DeGrom is more like a philosophy professor, in demeanor and execution.
And here's where deGrom is differing from not only Bauer but many other pitchers in the game today: He's pitching clean. Or at least, his teammates say he is, having leapt to his defense on Twitter last week when a user accused him of going to his glove for what he believed to be some sort of sticky mix.
The controversy surrounding the use of sticky stuff to increase spin rates and help pitchers gain a competitive advantage has hit a fever pitch. Of course deGrom was going to get dragged into this debate because very few pitchers will be spared.

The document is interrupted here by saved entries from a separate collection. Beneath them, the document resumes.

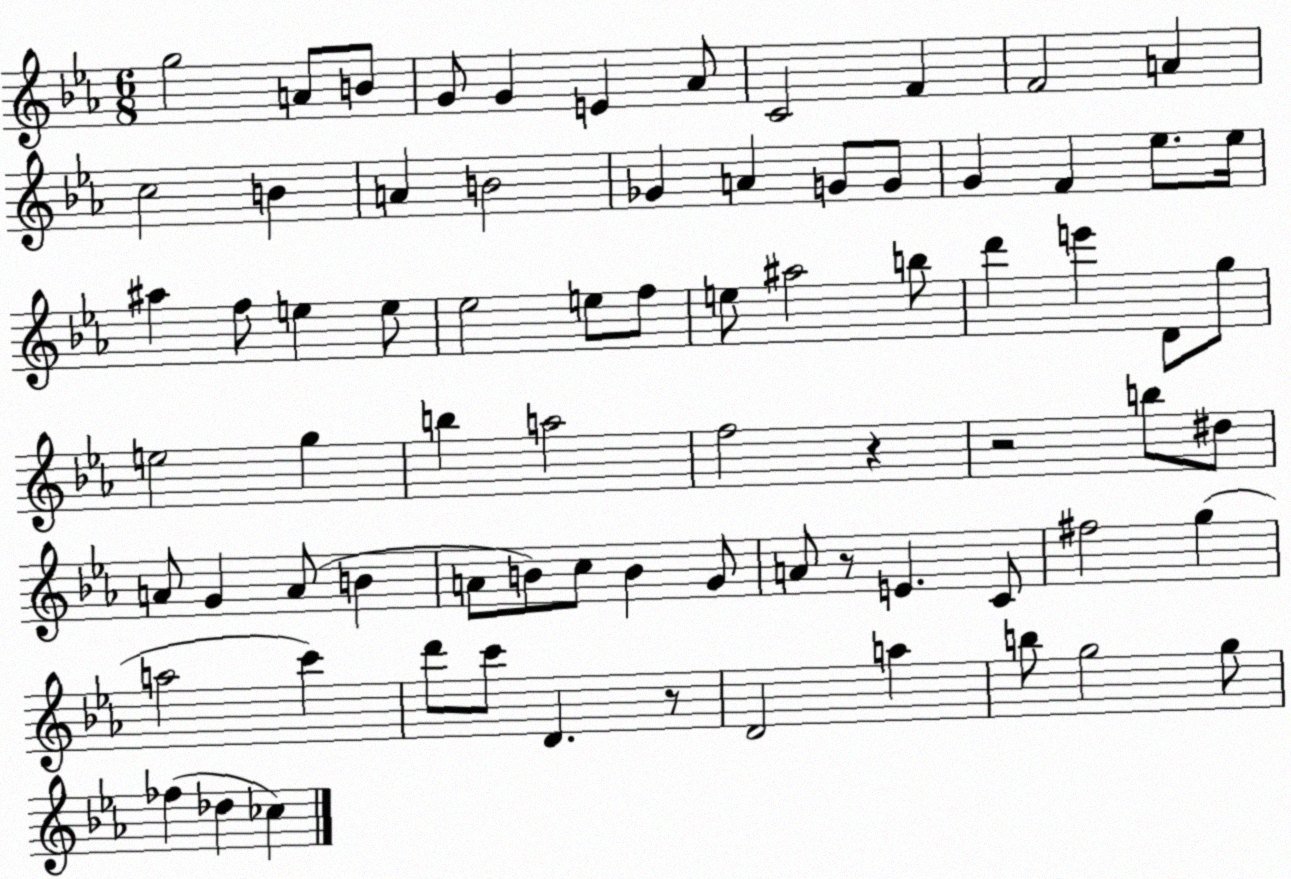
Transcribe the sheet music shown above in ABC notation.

X:1
T:Untitled
M:6/8
L:1/4
K:Eb
g2 A/2 B/2 G/2 G E _A/2 C2 F F2 A c2 B A B2 _G A G/2 G/2 G F _e/2 _e/4 ^a f/2 e e/2 _e2 e/2 f/2 e/2 ^a2 b/2 d' e' D/2 g/2 e2 g b a2 f2 z z2 b/2 ^d/2 A/2 G A/2 B A/2 B/2 c/2 B G/2 A/2 z/2 E C/2 ^f2 g a2 c' d'/2 c'/2 D z/2 D2 a b/2 g2 g/2 _f _d _c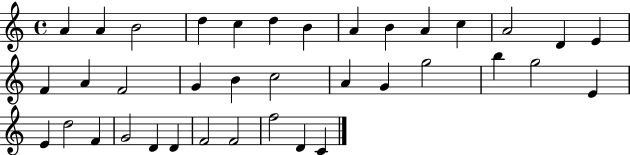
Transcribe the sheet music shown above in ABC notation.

X:1
T:Untitled
M:4/4
L:1/4
K:C
A A B2 d c d B A B A c A2 D E F A F2 G B c2 A G g2 b g2 E E d2 F G2 D D F2 F2 f2 D C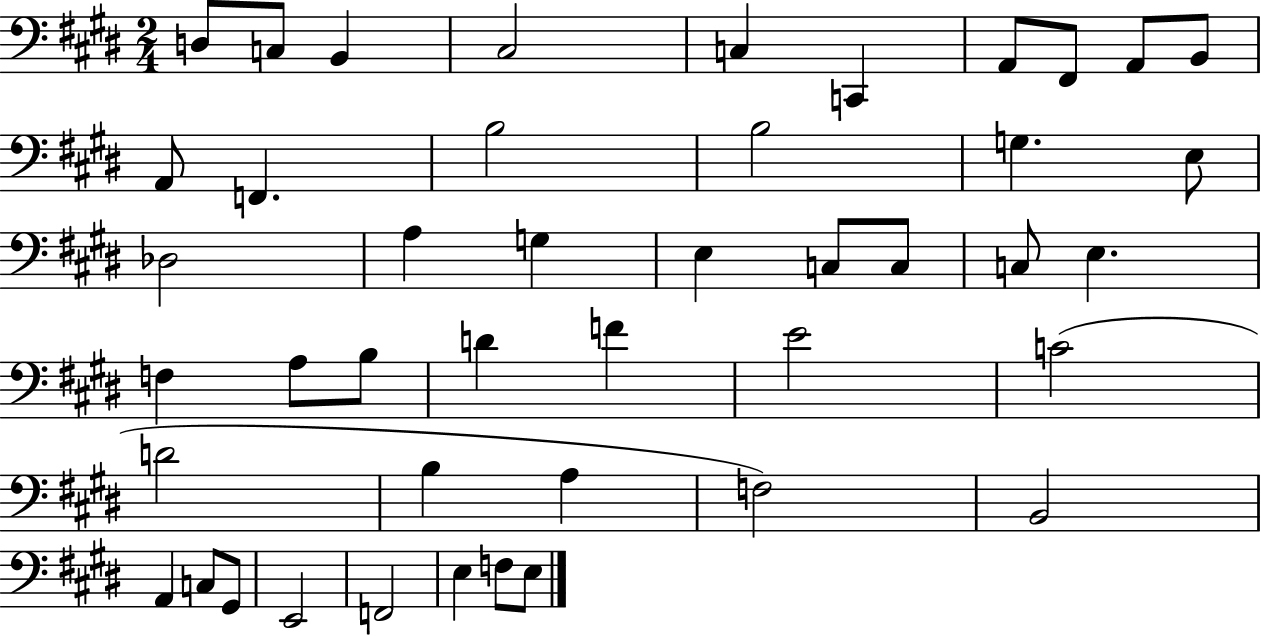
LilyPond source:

{
  \clef bass
  \numericTimeSignature
  \time 2/4
  \key e \major
  d8 c8 b,4 | cis2 | c4 c,4 | a,8 fis,8 a,8 b,8 | \break a,8 f,4. | b2 | b2 | g4. e8 | \break des2 | a4 g4 | e4 c8 c8 | c8 e4. | \break f4 a8 b8 | d'4 f'4 | e'2 | c'2( | \break d'2 | b4 a4 | f2) | b,2 | \break a,4 c8 gis,8 | e,2 | f,2 | e4 f8 e8 | \break \bar "|."
}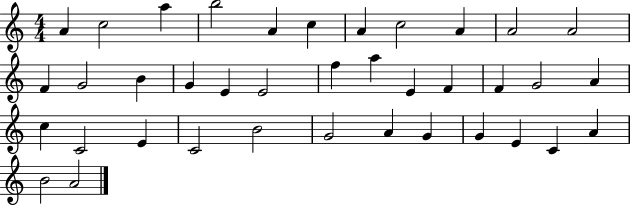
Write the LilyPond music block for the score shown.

{
  \clef treble
  \numericTimeSignature
  \time 4/4
  \key c \major
  a'4 c''2 a''4 | b''2 a'4 c''4 | a'4 c''2 a'4 | a'2 a'2 | \break f'4 g'2 b'4 | g'4 e'4 e'2 | f''4 a''4 e'4 f'4 | f'4 g'2 a'4 | \break c''4 c'2 e'4 | c'2 b'2 | g'2 a'4 g'4 | g'4 e'4 c'4 a'4 | \break b'2 a'2 | \bar "|."
}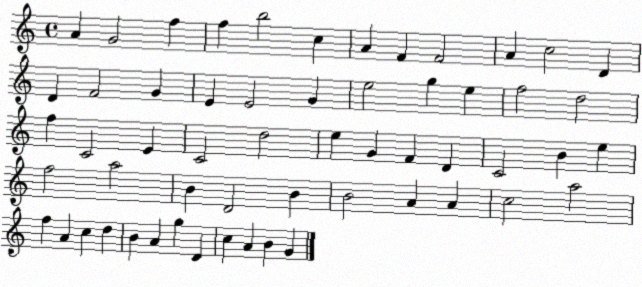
X:1
T:Untitled
M:4/4
L:1/4
K:C
A G2 f f b2 c A F F2 A c2 D D F2 G E E2 G e2 g e f2 d2 f C2 E C2 d2 e G F D C2 B e f2 a2 B D2 B B2 A A c2 a2 f A c d B A g D c A B G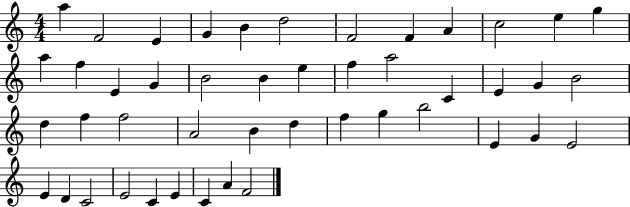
A5/q F4/h E4/q G4/q B4/q D5/h F4/h F4/q A4/q C5/h E5/q G5/q A5/q F5/q E4/q G4/q B4/h B4/q E5/q F5/q A5/h C4/q E4/q G4/q B4/h D5/q F5/q F5/h A4/h B4/q D5/q F5/q G5/q B5/h E4/q G4/q E4/h E4/q D4/q C4/h E4/h C4/q E4/q C4/q A4/q F4/h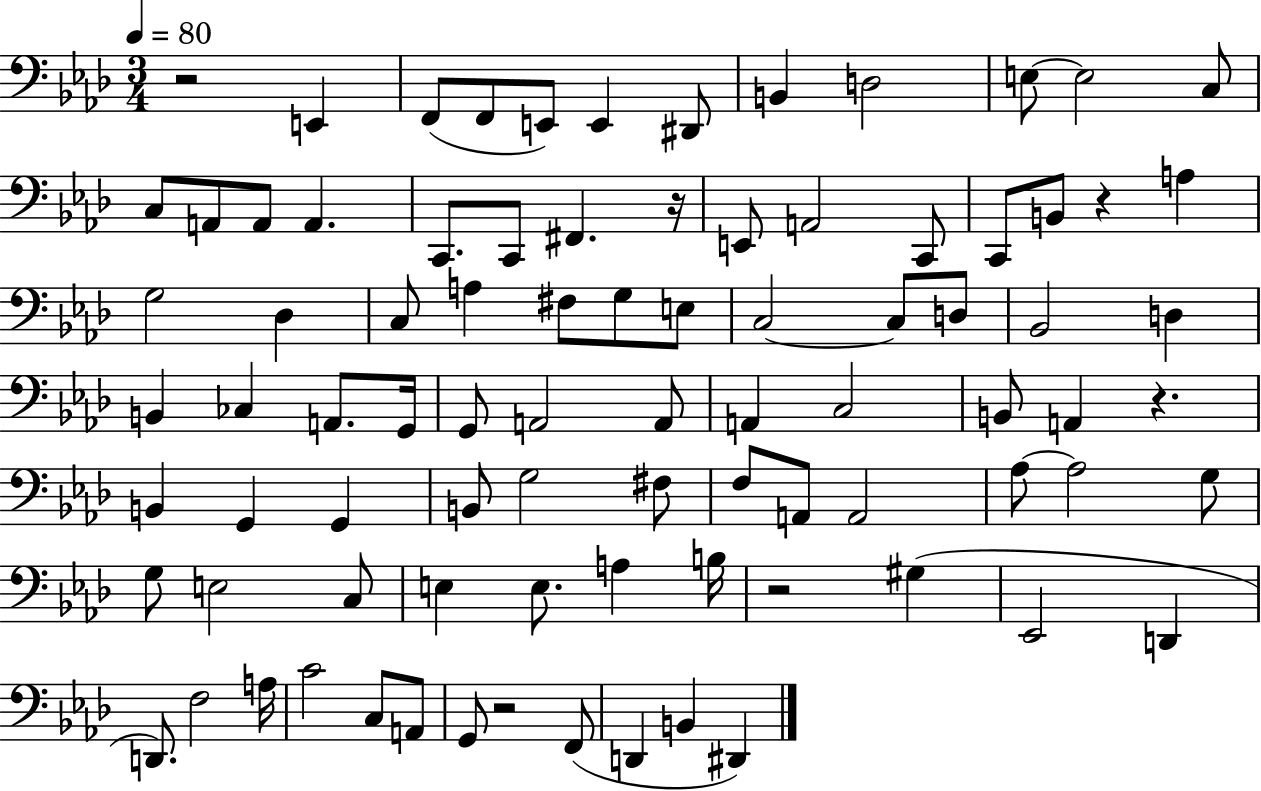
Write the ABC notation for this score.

X:1
T:Untitled
M:3/4
L:1/4
K:Ab
z2 E,, F,,/2 F,,/2 E,,/2 E,, ^D,,/2 B,, D,2 E,/2 E,2 C,/2 C,/2 A,,/2 A,,/2 A,, C,,/2 C,,/2 ^F,, z/4 E,,/2 A,,2 C,,/2 C,,/2 B,,/2 z A, G,2 _D, C,/2 A, ^F,/2 G,/2 E,/2 C,2 C,/2 D,/2 _B,,2 D, B,, _C, A,,/2 G,,/4 G,,/2 A,,2 A,,/2 A,, C,2 B,,/2 A,, z B,, G,, G,, B,,/2 G,2 ^F,/2 F,/2 A,,/2 A,,2 _A,/2 _A,2 G,/2 G,/2 E,2 C,/2 E, E,/2 A, B,/4 z2 ^G, _E,,2 D,, D,,/2 F,2 A,/4 C2 C,/2 A,,/2 G,,/2 z2 F,,/2 D,, B,, ^D,,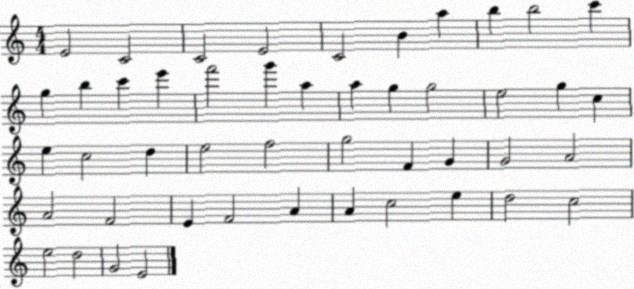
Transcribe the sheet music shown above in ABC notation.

X:1
T:Untitled
M:4/4
L:1/4
K:C
E2 C2 C2 E2 C2 B a b b2 c' g b c' e' f'2 g' a a g g2 e2 g c e c2 d e2 f2 g2 F G G2 A2 A2 F2 E F2 A A c2 e d2 c2 e2 d2 G2 E2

Much like in the steroid era, when someone is head-and-shoulders above the rest, foul play is suspected, which is unfortunate, but that's what happens when the league allows such widespread cheating.
Here's the other thing you should know about deGrom: He's genuine. He has been honest about his frustrations with the Mets' inability to produce offensively behind him. When rumors have circulated about where he supposedly does and does not want to play, he has gone to reporters to set the record straight. He developed a close bond with former captain David Wright and has taken on a leadership role within the clubhouse.
He is genuine in his desire to win and his desire to continually get better, and he means it when he says he's proud to put on the Mets uniform.
So let's leave deGrom out of this argument, at least until any concrete evidence presents itself. The greatest pitcher in the modern game puts on a show every five days that you won't want to miss.